I have told much of the Bishop family story in the post Jim’s Gone A-droving but what of Sarah’s story? I know so little about her but with help from Henry Lawson’s “The Drover’s Wife” one can wonder and imagine what life was like for her. While I don’t believe that she felt the isolation experienced by Lawson’s “wife” she must have felt the same loneliness.
Sarah Hughes was born in Brighton, East Sussex, England in 1834 to Robert Hughes and Mary Godfer. Robert was a sailor according to Sarah’s Death Certificate. As a child, Sarah arrived in Adelaide. By 1852, aged 18, she had met and married James Bishop from Dorset, nine years her senior. They lived at Thebarton an Adelaide suburb. Eight days short of their nine month anniversary, Sarah and Jim welcomed a daughter, Mary Elizabeth, named after her two grandmothers.
For most of his working life, Jim was a drover. The following article describes a James Bishop, working as a shepherd near Gawler, South Australia in 1853.
This could well be my Jim, off working early in the marriage. I have often wondered why only one child was born during the Adelaide days from 1852-1855/6, considering the speed of conception of the first child and frequency of the later children. Maybe Jim was away working? Could the gaps between the eleven children be a measure of Jim’s absences?
Baby Mary passed away in 1855 and this may have been a catalyst for a move.
Or was it gold? Jim and Sarah next turned up in Ararat where a new lead was found in early 1856.
Would life as a miner’s wife be any different to a shepherd’s wife? The goldfields were harsh for women, in the minority and left alone while their husband’s sought to change their fortunes. There was the cold (and Ararat can get very cold), the mud, the heat and dust. Home was either a tent or hut. Settled in Ararat, Sarah gave birth to three children in four years, including my gg grandmother Elizabeth, and at best, if lucky, a midwife assisted or another miner’s wife. Disease lurked on the goldfields, a constant worry for a mother with young children.

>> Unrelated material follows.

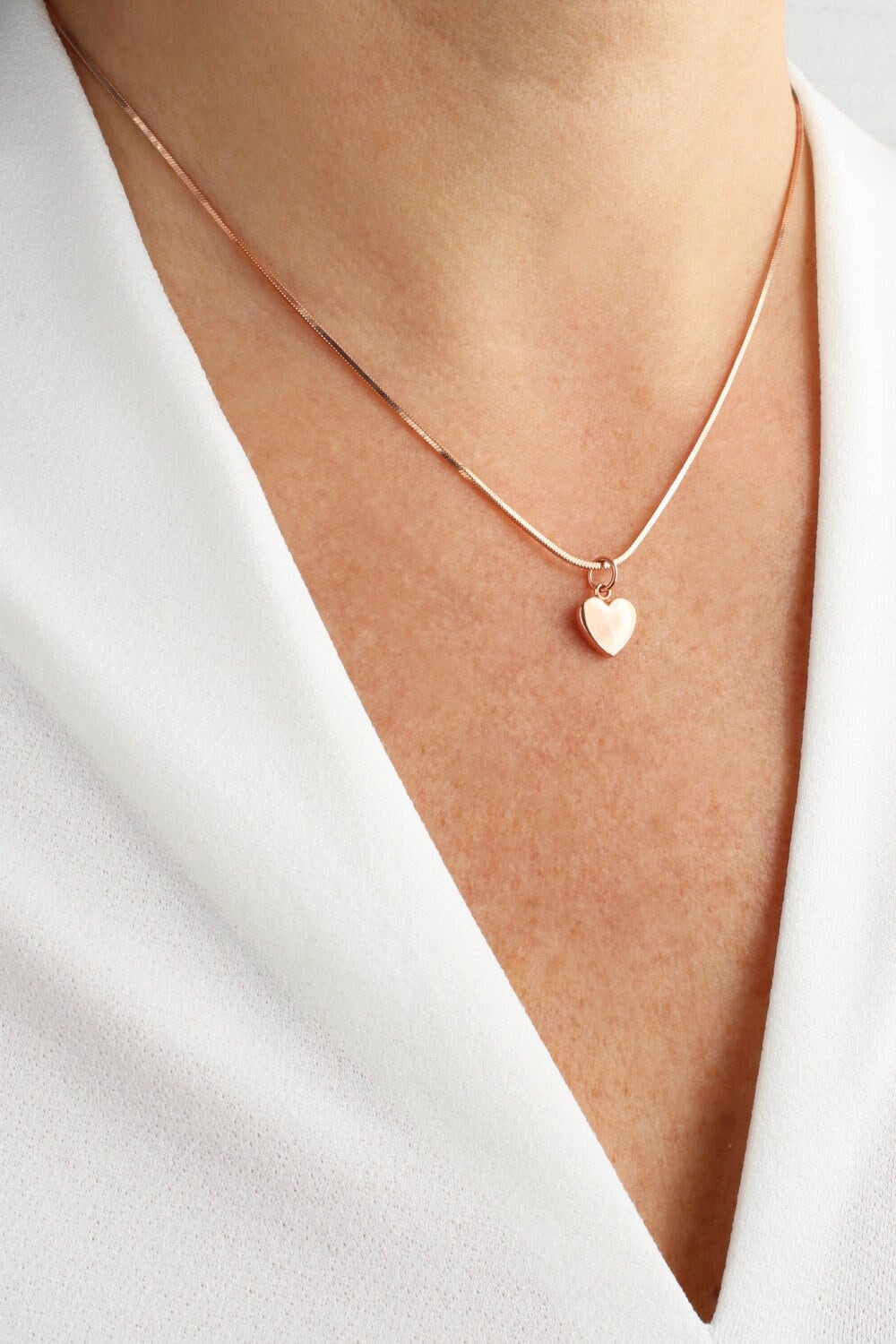 Halskette Aus Roségold, Kette Herz Schlangenkette Schmuck Geschenk Für Sie Halskette Aus Roségold, Kette Herz Schlangenkette Schmuck Geschenk Für Sie von MindmadeShop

Seemingly luckless, the Bishops moved to Mount Gambier. Jim would have turned to droving by this time. While they were in Mount Gambier, Harriet was born in 1860 and Ellen in 1862.
By 1865, the family had moved to the Macarthur/Byaduk area and in the same year, after a break of three years, Sarah gave birth to a daughter. She called her Mary after the child she lost 10 years before.
During Jim’s absences, he often took cattle to the Adelaide markets, Sarah would have faced the harshness of the land on her own. By 1870, she had eight children from a newborn to 14. That year, Jim selected 16 acres at Warrabkook, out of Macarthur. At least the older boys could have helped her with daily farm tasks and Elizabeth, 13 and Harriett, 10, with the babies.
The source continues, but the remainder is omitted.